Covariance and correlation
To "measure" the tendency of two variables to vary proportionally, the concept of covariance is used, which derives its name from the relationship with the formula of variance: instead of the square of the difference from mean, we take the product of the two differences:
Var(X) = mean( (X–mean(X))2 )
Var(Y) = mean( (Y–mean(Y))2 ) covariance: Cov(X,Y) = mean( (X–mean(X))·(Y–mean(Y)) )
I can interpret it as an indicator that assumes an absolute value that goes down as far as the points tend to be arranged so as to present a vertical or horizontal symmetry and that grows as the points tend to be arranged along an oblique line.
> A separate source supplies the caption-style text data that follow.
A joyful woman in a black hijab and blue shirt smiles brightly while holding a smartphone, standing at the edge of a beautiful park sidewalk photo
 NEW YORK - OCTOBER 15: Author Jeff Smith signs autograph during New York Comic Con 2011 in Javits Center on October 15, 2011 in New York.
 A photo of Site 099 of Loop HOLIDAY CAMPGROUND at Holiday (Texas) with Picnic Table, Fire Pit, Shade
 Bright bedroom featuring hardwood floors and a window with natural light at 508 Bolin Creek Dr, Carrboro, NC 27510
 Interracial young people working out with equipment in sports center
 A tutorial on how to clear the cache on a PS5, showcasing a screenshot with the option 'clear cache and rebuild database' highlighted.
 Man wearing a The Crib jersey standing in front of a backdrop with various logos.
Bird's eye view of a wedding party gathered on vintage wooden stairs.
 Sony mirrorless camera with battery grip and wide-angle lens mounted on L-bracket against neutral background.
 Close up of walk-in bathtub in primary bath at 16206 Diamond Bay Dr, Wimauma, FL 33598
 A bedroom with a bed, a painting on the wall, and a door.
In fact the components of the summation (in the mean) represent areas "with sign" of rectangles whose dimensions are the distances "with sign" of the coordinates of the points from the coordinates of the center of gravity. In the figure below on the left (horizontal symmetry) the components of the sum two by two cancel each other out, so the covariance is zero. If you obliquely crush the cloud of points the compensation becomes only partial. In the case of the figure on the right (X and Y in linear relation) there is no compensation (all positive components). The sign will be equal to the sign of the slope of the line along which the points tend to be arranged.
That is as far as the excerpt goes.